Equity Ownership & Alignment
| Metric | As of 2024 Record Date | As of 2025 Record Date |
|---|---|---|
| Shares Beneficially Owned (Bruce L. Rubin) | 10,949 | 10,949 |
| Percentage of Class | “Less than one percent” | “Less than one percent” |
| Shares Outstanding (for % basis) | 62,705,628 | 76,027,372 |
| Dollar Range of Director Ownership (matrix provided for directors only; Rubin is an officer) | Not applicable | Not applicable |
Policy signals:
- Hedging: Covered Persons are prohibited from hedging/monetization transactions in OXSQ securities, except covered call writing, which requires pre‑clearance by the Chief Compliance Officer.
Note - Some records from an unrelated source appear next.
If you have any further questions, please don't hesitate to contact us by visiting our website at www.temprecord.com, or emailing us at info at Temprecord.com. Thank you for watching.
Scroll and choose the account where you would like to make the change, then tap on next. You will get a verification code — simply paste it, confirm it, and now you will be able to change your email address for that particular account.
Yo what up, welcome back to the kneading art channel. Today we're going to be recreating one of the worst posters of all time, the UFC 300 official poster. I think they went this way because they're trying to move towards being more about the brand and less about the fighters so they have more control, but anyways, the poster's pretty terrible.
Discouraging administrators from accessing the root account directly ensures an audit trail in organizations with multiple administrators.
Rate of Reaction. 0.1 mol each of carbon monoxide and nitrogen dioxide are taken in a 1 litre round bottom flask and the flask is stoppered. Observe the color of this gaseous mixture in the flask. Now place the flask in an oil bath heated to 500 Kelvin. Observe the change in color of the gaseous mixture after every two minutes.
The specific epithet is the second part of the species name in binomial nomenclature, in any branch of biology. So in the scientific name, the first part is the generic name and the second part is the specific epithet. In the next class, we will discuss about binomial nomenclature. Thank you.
This restriction reduces the ability of insiders to hedge economic exposure, though covered calls introduce limited monetization potential subject to controls.
Employment Terms
- Role and Tenure: CFO, Chief Accounting Officer, Corporate Secretary since August 2015; prior Controller (2005–2015), Treasurer (since 2009).
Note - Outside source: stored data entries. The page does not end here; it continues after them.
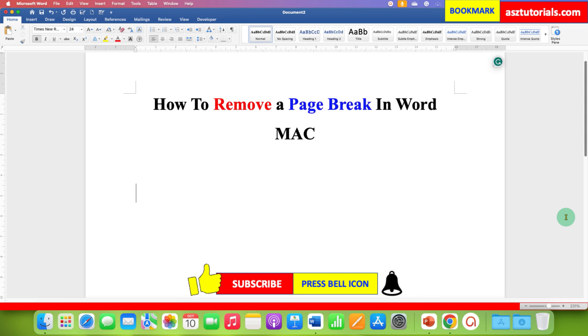To delete or remove a section break in Word Mac, check out this useful video. Don't forget to click on that like button, comment below and let me know if this video solved your problem. See you again in the next one.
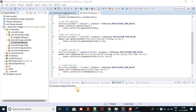Hello everyone. In this video we are going to learn about Swagger — how Swagger works, what is Swagger, and what dependencies we need to implement Swagger in our RESTful API.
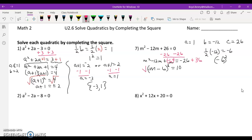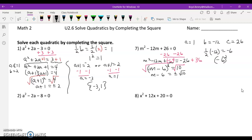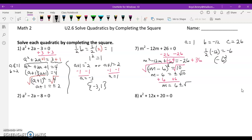Next, we take the square root of both sides, which gives m minus 6 equals plus or minus the square root of 10. There are no perfect square factors in 10, so we leave that as a radical. Our last step is to add 6 to both sides to isolate m, giving us the final answer: m equals 6 plus or minus the square root of 10.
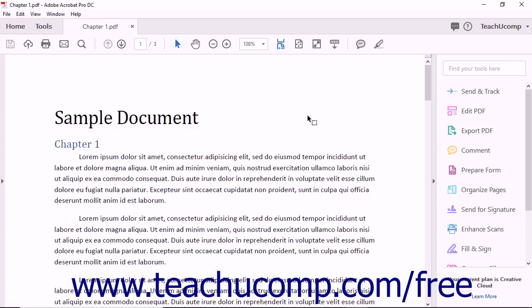PDFs can contain many different types of information from text and photographs to sound clips and video. Many software applications can save documents as PDF files. Microsoft Word, Excel, PowerPoint, and Adobe Photoshop are a few common programs that will let you save a file as a PDF.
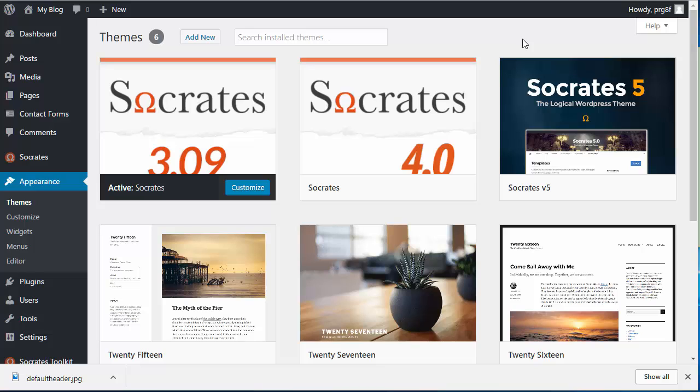Hey, this is Dan Nickerson. This is just a short video to show you how to upgrade from Socrates 3 or Socrates 4 to Socrates 5. I'm just going to give you some quick little tips. This is only a short little three or four minute video.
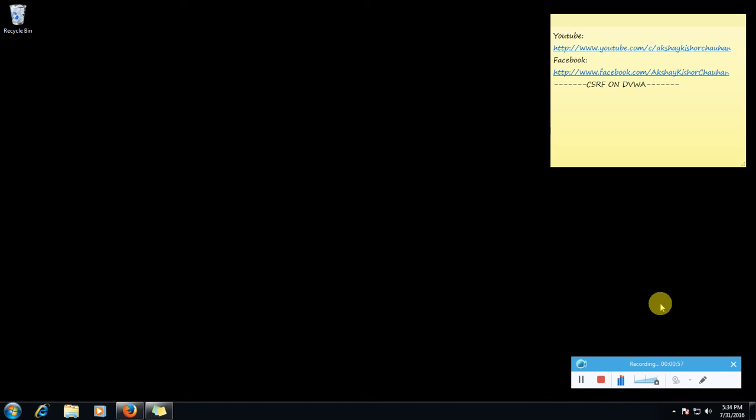So what can an attacker do with CSRF if he found this vulnerability? He can transfer funds, he can change passwords, he can purchase an item which you will not know.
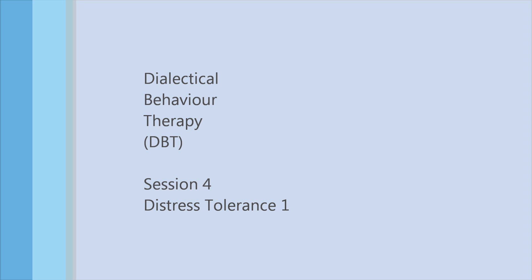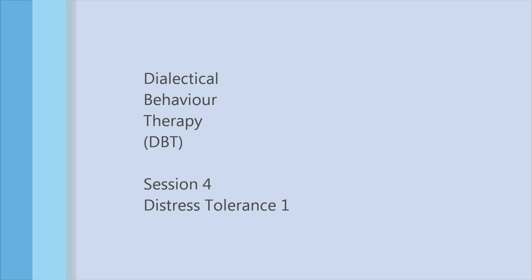Sometimes people might be too preoccupied with proving to others how bad the situation is to care about surviving or being effective. This, however, only leads to short-term gains, for example going into hospital or getting a friend's attention, and long-term consequences such as negative emotions or relationship difficulties. You know that you're in a crisis when the situation is highly stressful, it might be short-term, and there's intense pressure to resolve the crisis now. You should use crisis survival skills when you have intense pain that can't be helped quickly, you want to act on your emotions but it'll only make things worse, or when emotion mind threatens to overwhelm you and you need to stay skillful. The first set of skills are the STOP skills. These help you to refrain from acting impulsively.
- Compensation Arrangement: Paid by Oxford Funds (administrator); OXSQ reimburses an allocable portion based on time spent; no direct salary/bonus from OXSQ disclosed.
- Equity Awards/Options: No stock options or similar option‑like instruments granted by OXSQ in FY 2024.
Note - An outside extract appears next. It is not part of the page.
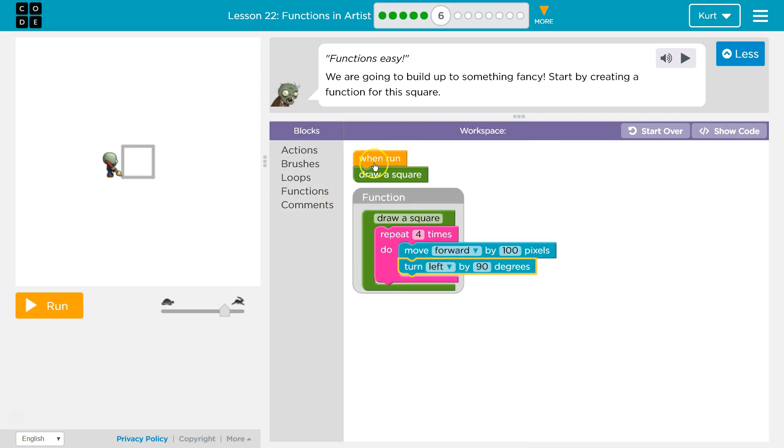So I hit run. What should happen? Draw a square of the computer. Oh, draw a square. Okay.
- Insider Trading/Hedging: Hedging prohibited except covered calls, which require pre‑clearance.
- Severance/Change‑of‑Control/Clawback/Ownership Guidelines/Pledging: No disclosures specific to Rubin in OXSQ’s proxy statements. (Compensation discussion focuses on external manager/admin structure; no executive contracts or severance terms are presented.)
Investment Implications
- Compensation alignment: Because Rubin does not receive direct OXSQ‑paid compensation and no performance incentive plan is disclosed, pay‑for‑performance linkage at the OXSQ entity level is weak. Reimbursed admin costs declined from $916k (FY22) to $825k (FY23) to $747k (FY24), suggesting lower cost allocation over time rather than explicit performance‑based pay.
- Insider selling pressure: Absence of OXSQ equity/option grants and small beneficial ownership (~10,949 shares; “<1%”) imply limited forced selling from vesting schedules; hedging is constrained, with covered calls only via pre‑clearance. Near‑term selling pressure from Rubin’s holdings appears low.
- Retention risk: Rubin’s compensation flows through the administrator (Oxford Funds) and is reimbursed by OXSQ, with no severance or change‑of‑control economics disclosed. Retention likely depends on broader Oxford platform economics and governance rather than OXSQ‑specific pay levers.
- Alignment/related‑party dynamics: The externally managed structure and Rubin’s multiple roles across Oxford entities introduce potential conflicts of interest noted in the proxy; oversight occurs via independent directors and committee processes, but investor alignment relies on advisory agreement economics rather than executive equity incentives.
- Trading signals: With small disclosed ownership and prohibited hedging beyond covered calls, Rubin’s personal trading is both limited and controlled. Form 4 data could sharpen signals, but current analysis relies on proxy disclosures due to tool access limits; monitor future filings for any changes.